Domestic shipping lines are upset by the Government's move to open up coastal shipping to foreign competition, reported The Hindu.
This is natural as they will now have to compete for the very cargo they have been carrying as their right for many years.
Right now, the plan is to open up only container services, but clearly, the end of “cargo reservation’’ is not too far away.
The proposed policy aims at easing the capacity constraints in coastal container services. Inadequate capacity delays delivery of cargo and pushes up overall transportation costs. But local shipping lines argue that coastal cargo is reserved for them under the Cabotage regulations to ensure national safety and to boost coastal tonnage. Foreign lines initially offer “dumping’’ freight rates to attract cargo. But once they know they can dictate terms, they will jack up rates, it is argued.

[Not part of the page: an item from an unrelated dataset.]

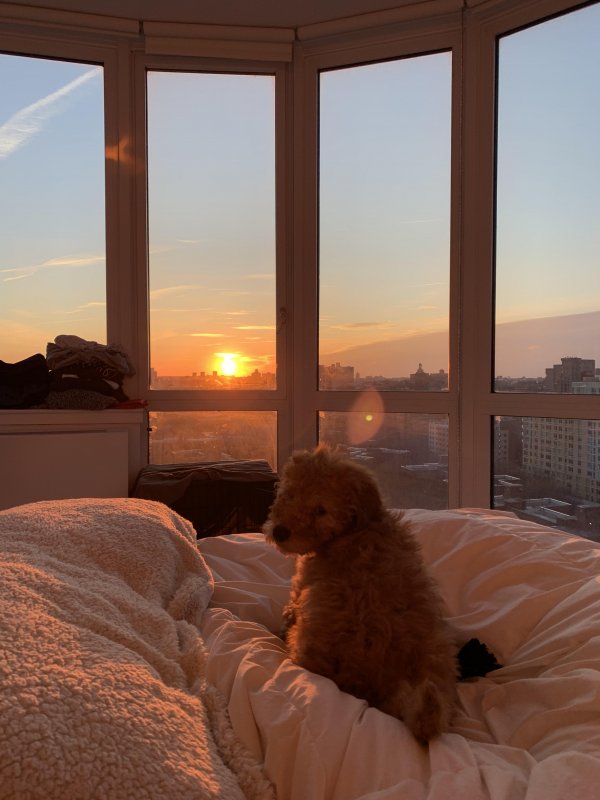 Утреннее окно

These arguments are fine. But they have not translated into any action that has helped coastal shipping to grow. Today, despite being an eco-friendly, low-cost and fuel-efficient mode of transport, coastal shipping accounts for just seven per cent of the total domestic cargo movement, the bulk of which moves by road and rail, adding to the pressure on these transportation modes.

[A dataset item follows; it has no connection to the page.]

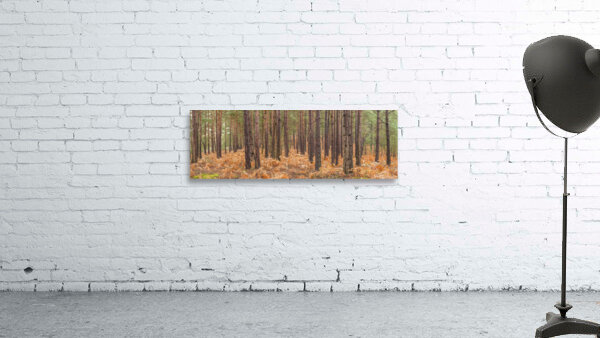Autumn forest Wall Preview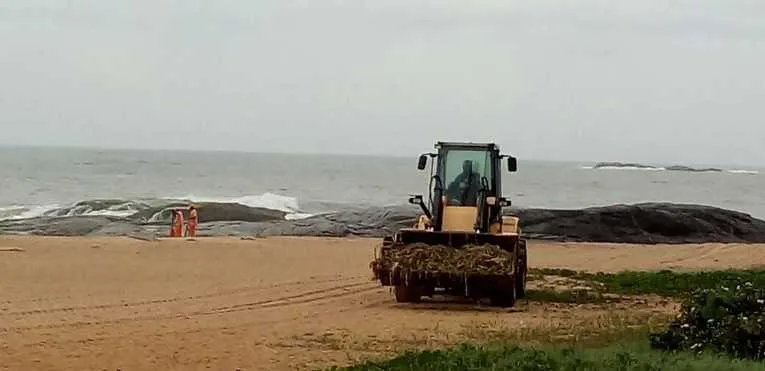 >>A Lagoa de Iriry deve voltar ao normal em no máximo dez dias, dependendo da maré.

In a country with a coastline of over 7,000 km, there is no reason why a large part of this cargo cannot be moved by sea. In fact, domestic coastal shipping tonnage — around 700 ships — accounts for only 10 per cent of the country's total shipping tonnage. This include tugs and offshore support vessels; thus, actual cargo carriers would number around 300-350. And their average age is much higher than that of the ocean-going vessels. Domestic coastal operators have their own cup of woes: lack of connectivity to the hinterland and ports, heavy taxes, high cost of funds, absence of dedicated berths and many others that stifle their growth.
No doubt, these problems need to be addressed at the earliest. At the same time, Indian coastal operators cannot be oblivious to the winds of change sweeping across the coast. Any rule that restricts competition cannot survive for long in an increasingly free-trade environment. Trade cannot be allowed to suffer if domestic lines cannot deliver service of the desired quality at a competitive price. At the end of the day shippers should benefit.

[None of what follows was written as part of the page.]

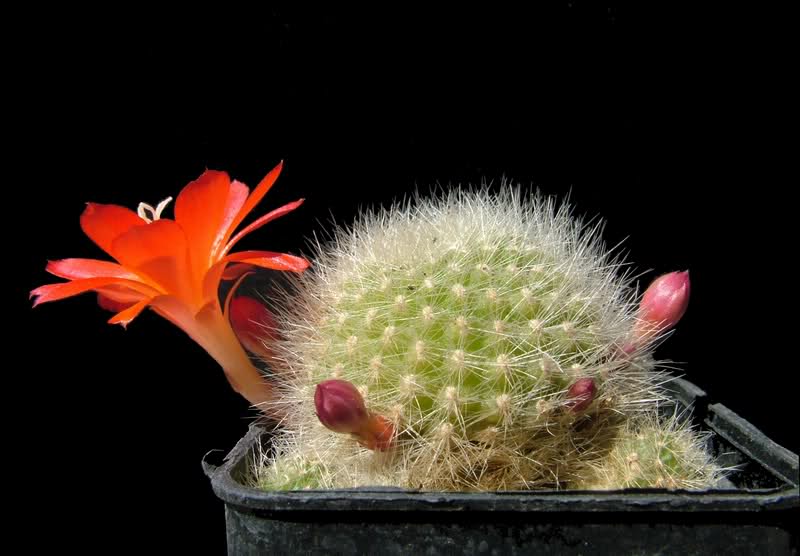 Rebutia senilis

Indian coastal shipping operators should invest in capacity as the market for domestic cargo is bound to expand. The Government has rightly decided to open up coastal shipping only gradually, given the considerable advantage foreign lines have and the crushing impact they might have on domestic shipping if a free-for-all environment is created at one stroke. But open up it must, if the logistics efficiency of the economy as a whole is to improve.
For a country with a coastline of over 7,000 km, there is no reason why a large part of domestic cargo cannot be moved by sea.